Saudi and Russia officials are due to meet today. You should remember that the two countries have reduced production recently to compensate for lower world demand growth. While the Saudis may not be in a position to raise production today from other fields to compensate fully for the lost production, the Russians could increase somewhat. In addition, should prices stay elevated, U.S. production from the Permian basin and other fracked oil fields will accelerate production to take advantage of higher prices. The net result is that the loss of 2-3 million barrels per day is a jolt to world oil markets but will not cripple the industry or world economies.
All this presumes no further missile strikes or any further production cuts. The U.S., as noted, has been quick to blame Iran, a likely supplier of missiles to the Houthi rebels with enough range and capacity to strike Saudi oil fields. Certainly, key in the days ahead is the Saudi reaction. If they refuse to blame the Iranians outright, it will be harder for the U.S. to make the case to the rest of the world that Iran is to blame and should be punished further. The annual United Nations General Assembly meetings come up imminently and world reaction to the missile strikes will be front and center. Clearly, Iran has become economically isolated, even assuming some tacit support from the Soviet Union and China. But the U.S. has isolated itself over the past few years and building a coalition to support bold action against Iran will be difficult. With that said, I will leave the politics to others. The economic reality is a body shot to oil markets but not a knockout blow either to the oil industry or to world economic growth. The muted reaction from the futures markets this morning seems to agree with that conclusion.

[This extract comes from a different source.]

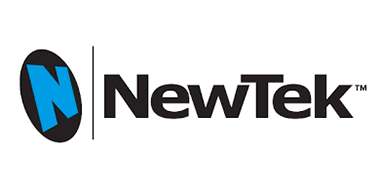 newtech logo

Elsewhere, the big news last week was the sharp rebound in bond yields. In a matter of just a couple of weeks, yields on 10-year Treasuries fell from roughly 2% to under 1.5%, only to rebound within a matter of days to over 1.9%. Overnight, they slipped back again because of the missile attack, but the 2-10 year curve is no longer inverted and recent data suggest strongly that no recession is imminent. Of course, if tariff wars escalate or oil production is impacted further by additional missile attacks, all bets are off. But there are always red herring risks. President Trump has already hinted at the possibility of an interim trade deal that would allow economic pressure from increased tariffs to be reduced. You don’t have to be a rocket scientist to realize that if the economy in 2020 is under pressure from accelerating tariffs, Mr. Trump’s reelection chances would be reduced. He realizes this. Of course, so do the Chinese and there remains a risk that the Chinese will overplay their hand and not give Mr. Trump enough space to find an interim solution that would allow him to still appear strong against Chinese perceived trade violations. The world is full of ifs.
But while the stock market takes ifs into consideration, the bottom line is always earnings and dividends. Solid economic data over the past two weeks support a conclusion that earnings will recover a bit over the next few quarters. Interest rates remain low. In theory, the recent jump in 10-year bond yields should have been a headwind to stocks, but a P/E of 17-18 times forward earnings is more consistent with a 10-year yield of 2% or a bit higher than a yield of 1.5% or lower. Said differently, the stock market never believed that rates of 1.5% or lower were sustainable. Inflation data last week (both PPI and CPI were reported) suggest inflation is running close to 2%. We live in a bifurcated economic world. Consumer and government spending are strong while industrial and capital spending are weak. Prices of commodities and other goods with low labor components are weak, while prices for services and products with high labor components continue to rise. The mixed picture is reflected in the stock market. In general, producers of commodities, industrial products, and capital goods are weak while domestic services for IT consulting to restaurants have been winners. In addition, despite a world economic slowdown, consumers all over the planet continue to spend.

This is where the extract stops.